- EXERCISE DIRECTIONS
Please, without any pictures, set down exactly the part of the listing below that opens with the line containing "Cressi Elba Shoes" and closes with the line containing "Rammstein - Angst".

- STORED DATA
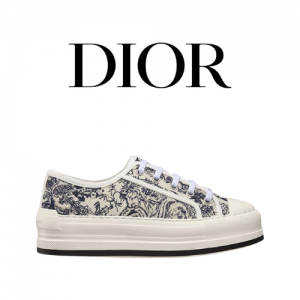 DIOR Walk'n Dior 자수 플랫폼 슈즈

--

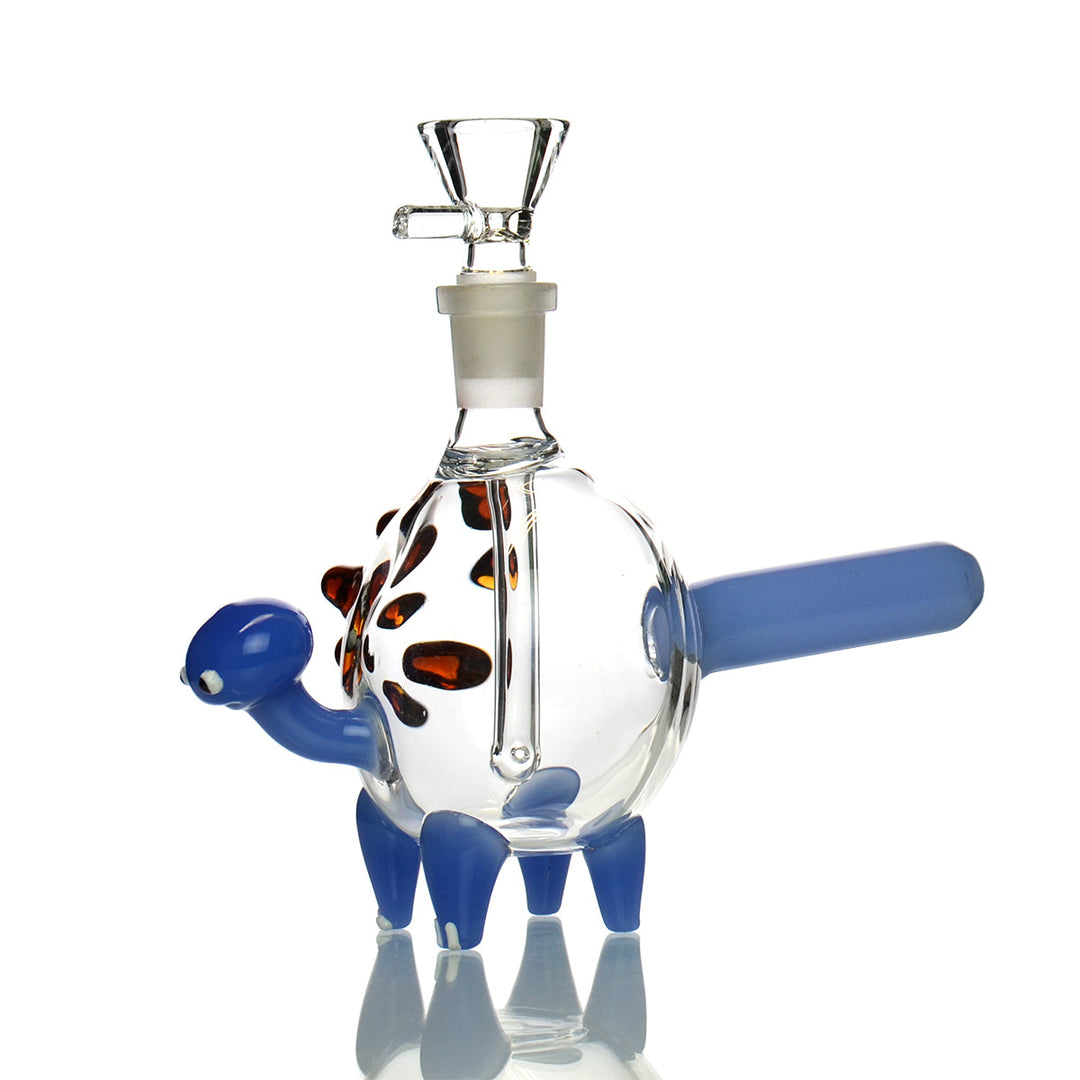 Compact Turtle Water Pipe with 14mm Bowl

==

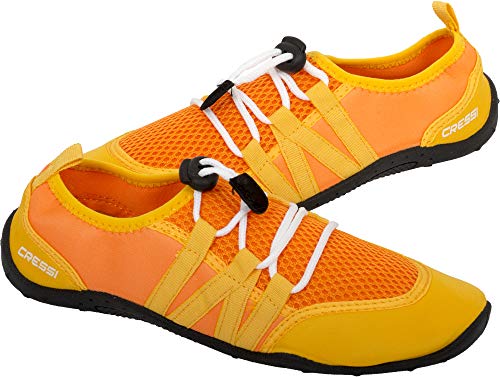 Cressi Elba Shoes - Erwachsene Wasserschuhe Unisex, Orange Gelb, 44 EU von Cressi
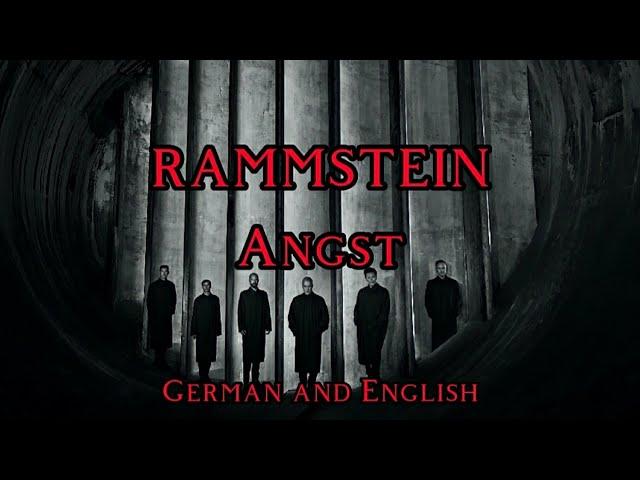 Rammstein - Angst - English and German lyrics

- ANSWER
 Cressi Elba Shoes - Erwachsene Wasserschuhe Unisex, Orange Gelb, 44 EU von Cressi
 Rammstein - Angst - English and German lyrics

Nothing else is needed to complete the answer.